To reach a satisfactory understanding of the problem at hand, I think you need to learn about multidimensional resultants (see below for where to get started).
Working over the field $\mathbb{C}$, let $F_1(x),\ldots, F_n(x)$ be $n$ homogeneous polynomials of respective degrees $d_1,\ldots,d_n$. Then there is a polynomial in the coefficients of these forms called the resultant $\mathrm{Res}(F_1,\ldots,F_n)$ which is zero iff there exists $x\in\mathbb{C}^n\backslash\{0\}$ such that $F_1(x)=0,\ldots,F_n(x)=0$.
This resultant is multihomogeneous of degree $\prod_{j\neq i}d_j$ in the coefficients of the form $F_i$.
Now for your situation, one should consider $\mathrm{Res}(p_1,\ldots,p_{n-1},u)$
where $u(x)$ is a generic linear form.

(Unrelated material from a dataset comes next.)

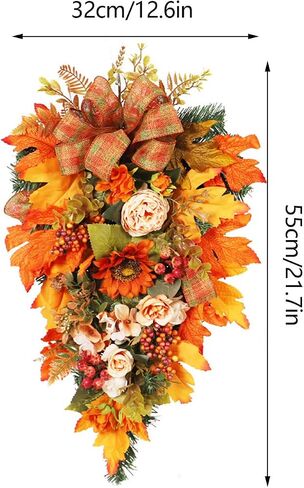 22 Inch Artificial Fall Teardrop Swag, Harvest Hanging Swag with Maple Leaves, Sunflower, Berries and Bows, Front Door Swag Teardrop Wreath with String Light for Home Decor, Orange in Saudi Arabia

If I remember correctly, the common zero set in projective space of your $n-1$ quadratics is zero dimensional iff the above polynomial in the coefficients of $u$ does not vanish identically (with the $p$'s fixed).

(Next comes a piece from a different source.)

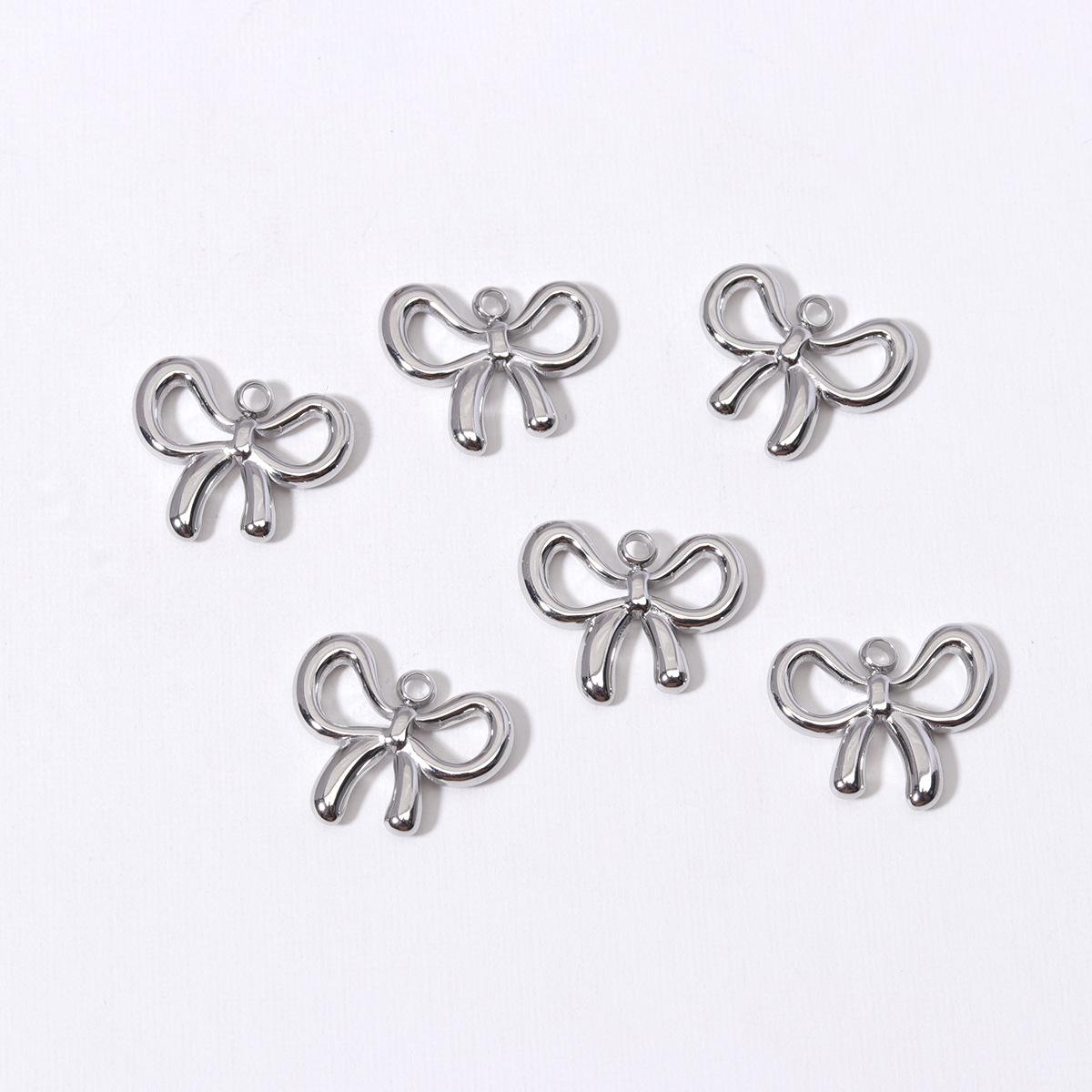 Stainless Steel Bow Charm Pendant for Necklaces, Bracelets, Keychains, and Bags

Finally, if this zero dimensional condition is satisfied and you look for the coordinates of the solutions of the system along a fixed axis, these indeed are the roots of a degree $2^{n-1}$ polynomial in one variable. This follows from the above polynomial being of degree $2^{n-1}$ with respect to $u$.
A great introductory reference for multidimensional resultants is the book chapter "Introduction to residues and resultants" by Cattani and Dickenstein.